━━ DATA TO PROCESS ━━

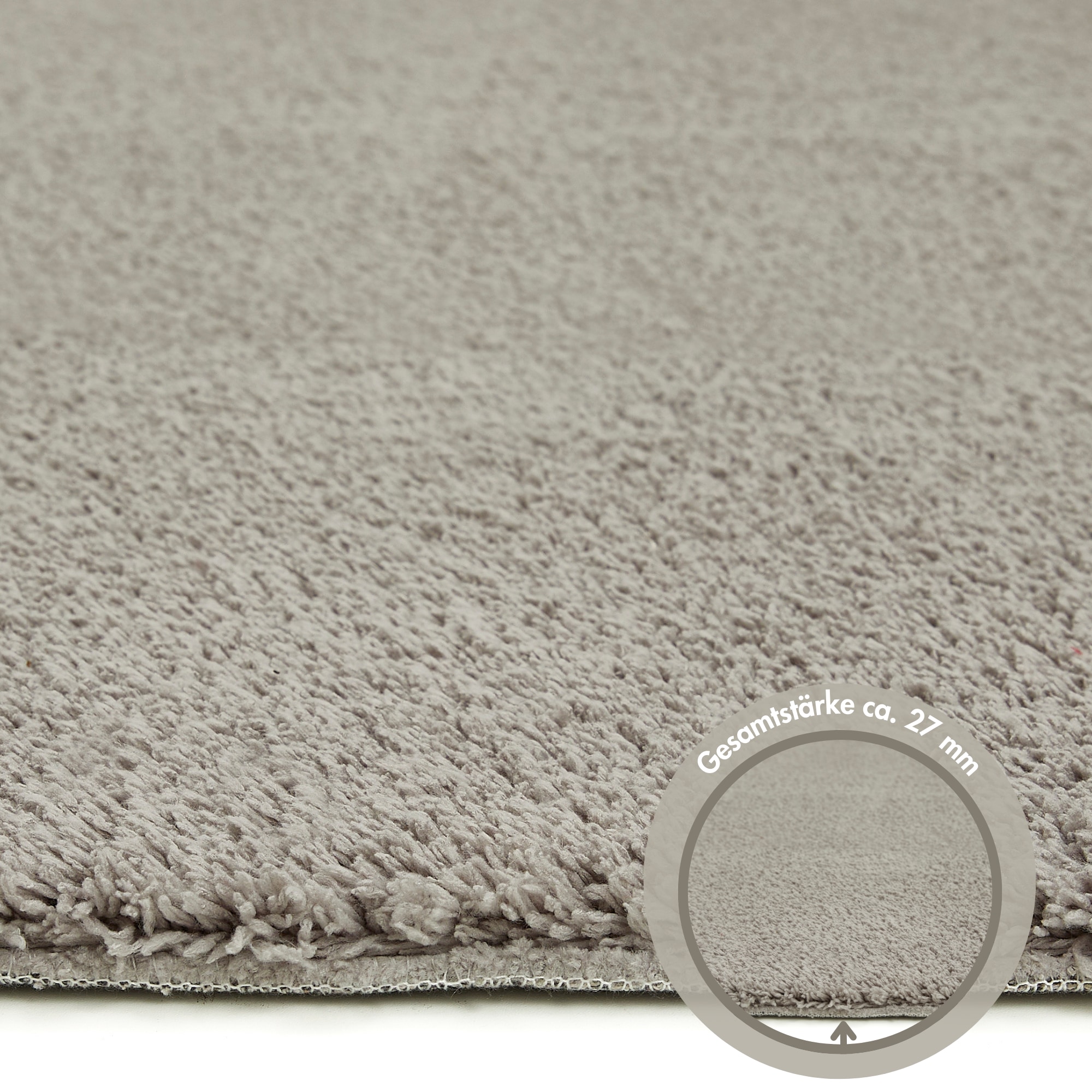 Andiamo Teppich »San Paolo« rechteckig 27 mm Höhe Uni Farben, weiche Qualität, ideal im Wohnzimmer & Schlafzimmer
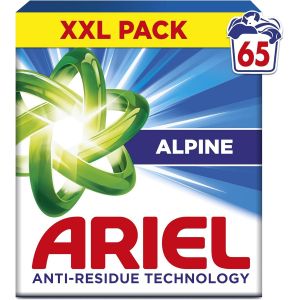 KGABERY-Lessive Poudre Dissolution Rapide 3.575Kg,65 Lavages,Alpine,Avec Technologie Anti-Résidu,Élimine Les Taches En 1 Seul Lavage - Neuf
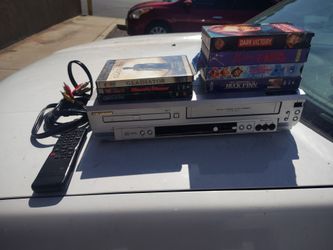 DVD VHS player combo  with remote can deliver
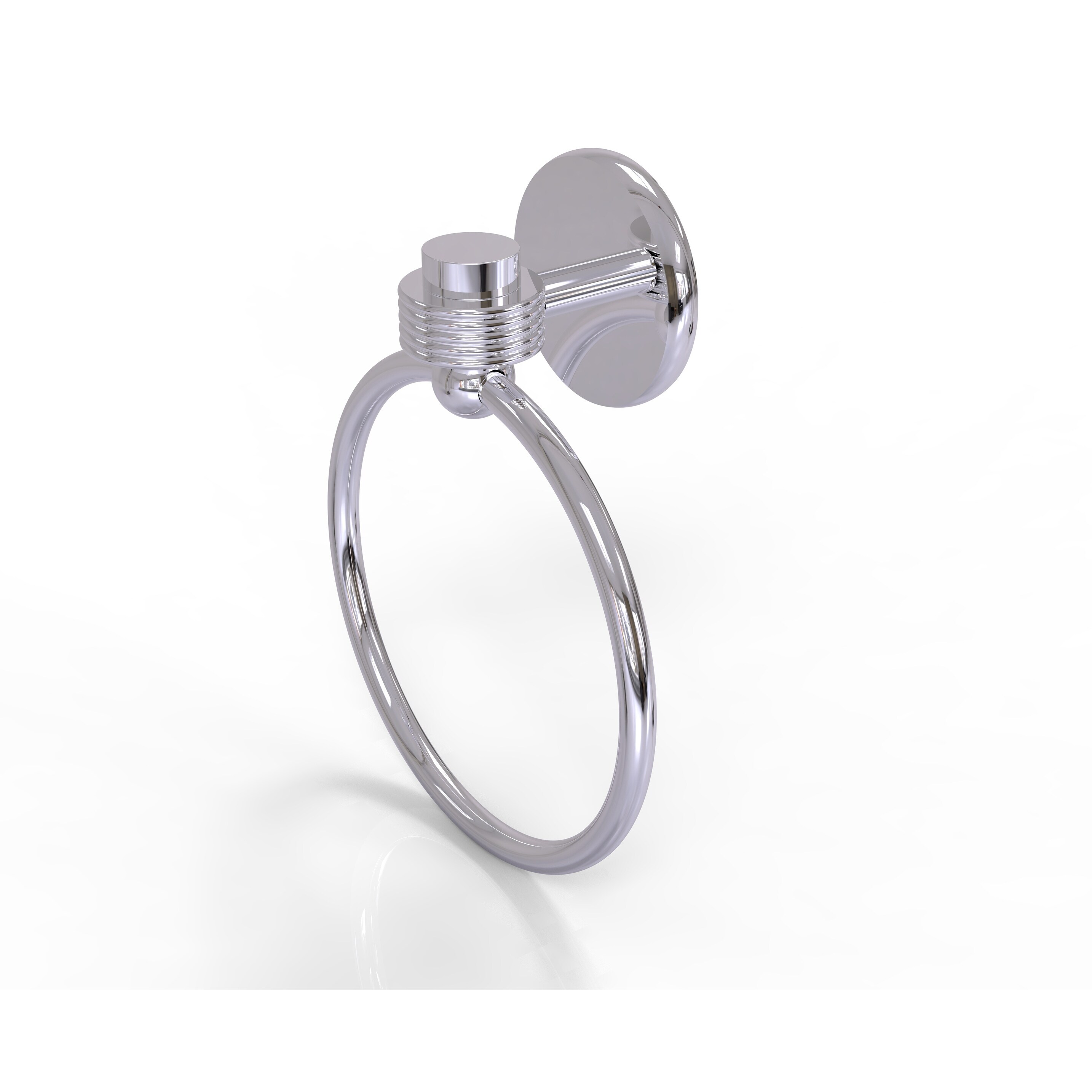 Allied Brass Satellite Orbit One Collection Towel Ring with Groovy Accent
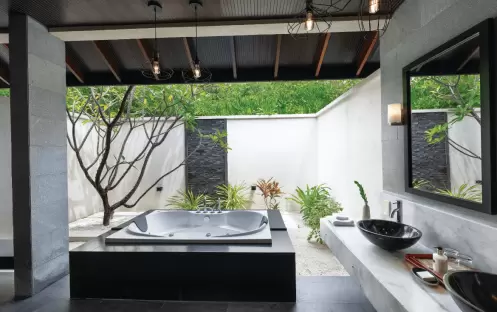 Two Bedroom Sunset Family Beach Villa, Hot Tub Day Two Bedroom Sunset Family Beach Villa, Hot Tub Day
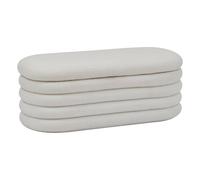 Banc Coffre Bouclette "Giulia" 110cm Blanc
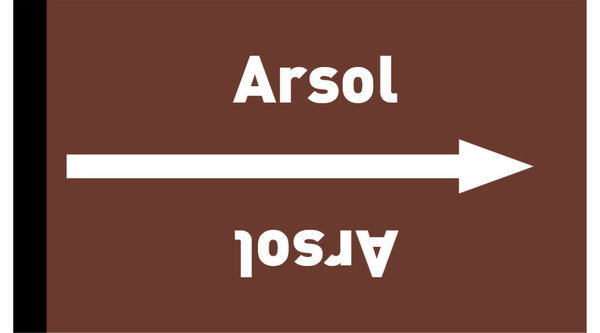 Kennzeichnungsband Arsol braun/weiß ab Ø 50 mm 33 m/Rolle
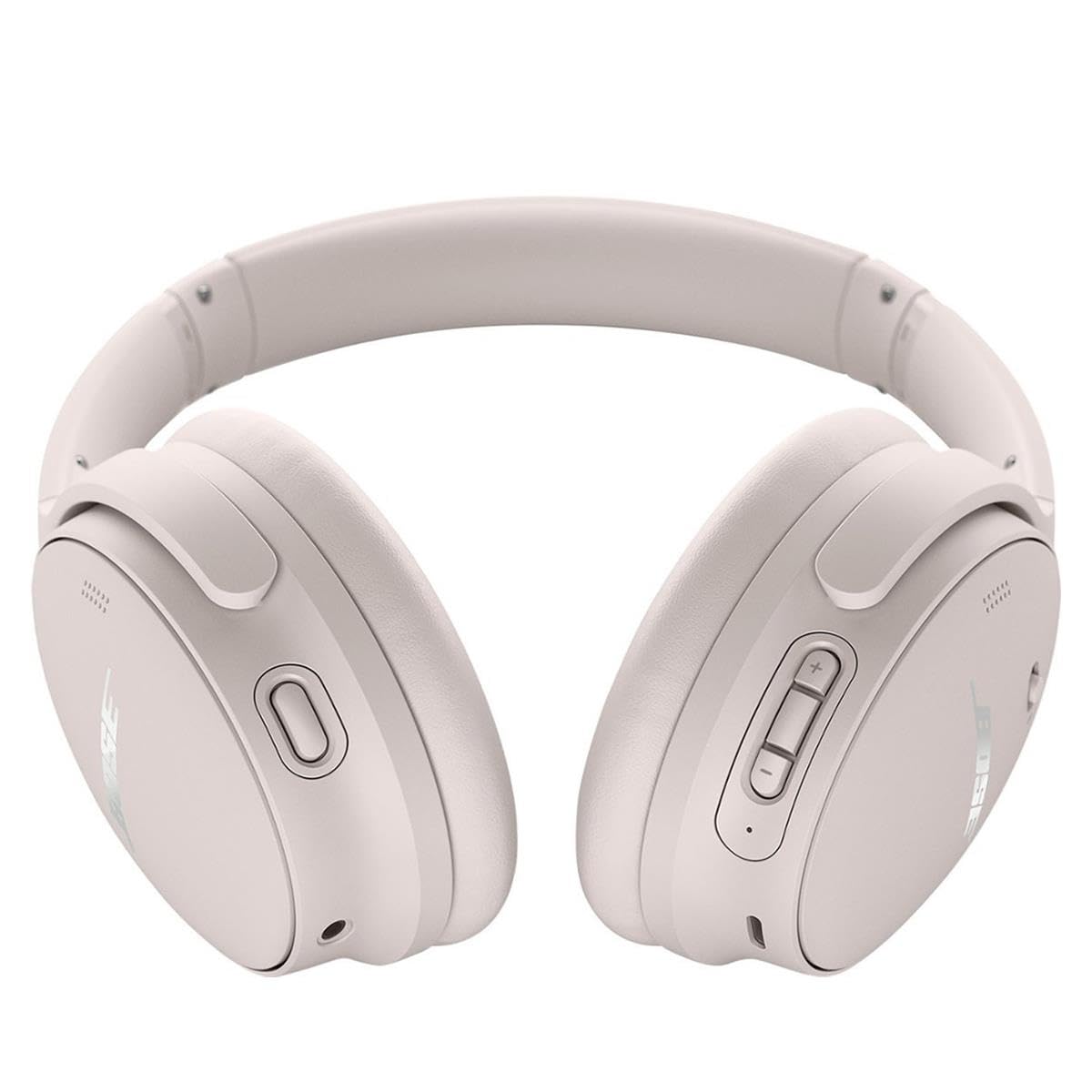 Bose QuietComfort Wireless Noise Cancelling Over-Ear Headphones - White Smoke, With Power Bank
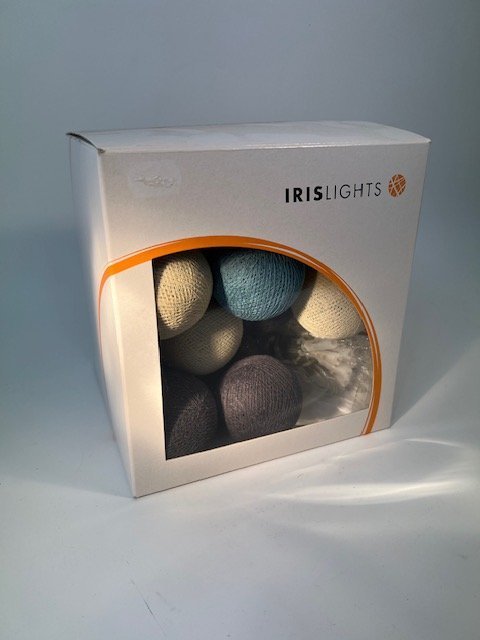 Iris lights. Ljusslinga/ljusbollar med 20 LED-lampor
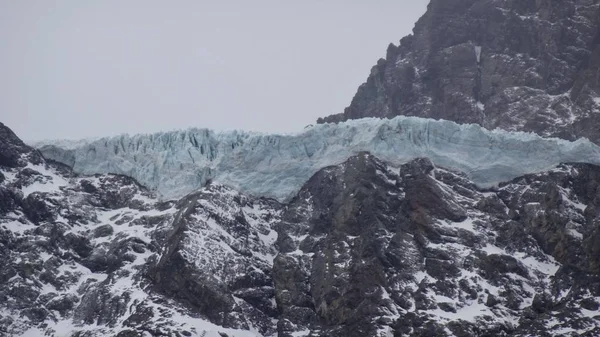 Glaciar Mesón Alto Cajón Del Maipo Santiago Chile Chile — Foto de Stock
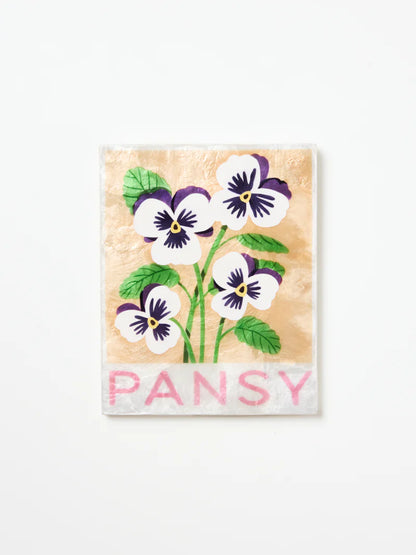 Market Pansy Wall Art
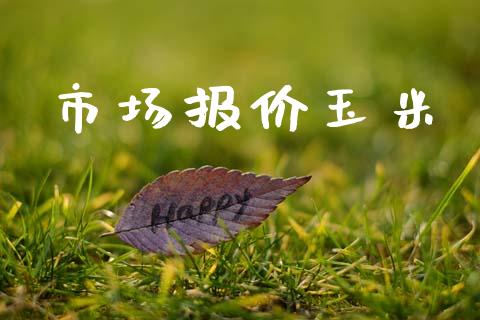 市场报价玉米_https://m.jnlaobingbanjia.com_基金市场_第1张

━━━

:: WHAT IS NEEDED ::
Output the entries exactly as they appear, with no pictures included.

:: RESPONSE ::
 Andiamo Teppich »San Paolo« rechteckig 27 mm Höhe Uni Farben, weiche Qualität, ideal im Wohnzimmer & Schlafzimmer
 KGABERY-Lessive Poudre Dissolution Rapide 3.575Kg,65 Lavages,Alpine,Avec Technologie Anti-Résidu,Élimine Les Taches En 1 Seul Lavage - Neuf
 DVD VHS player combo  with remote can deliver
 Allied Brass Satellite Orbit One Collection Towel Ring with Groovy Accent
 Two Bedroom Sunset Family Beach Villa, Hot Tub Day Two Bedroom Sunset Family Beach Villa, Hot Tub Day
 Banc Coffre Bouclette "Giulia" 110cm Blanc
 Kennzeichnungsband Arsol braun/weiß ab Ø 50 mm 33 m/Rolle
 Bose QuietComfort Wireless Noise Cancelling Over-Ear Headphones - White Smoke, With Power Bank
 Iris lights. Ljusslinga/ljusbollar med 20 LED-lampor
 Glaciar Mesón Alto Cajón Del Maipo Santiago Chile Chile — Foto de Stock
 Market Pansy Wall Art
 市场报价玉米_https://m.jnlaobingbanjia.com_基金市场_第1张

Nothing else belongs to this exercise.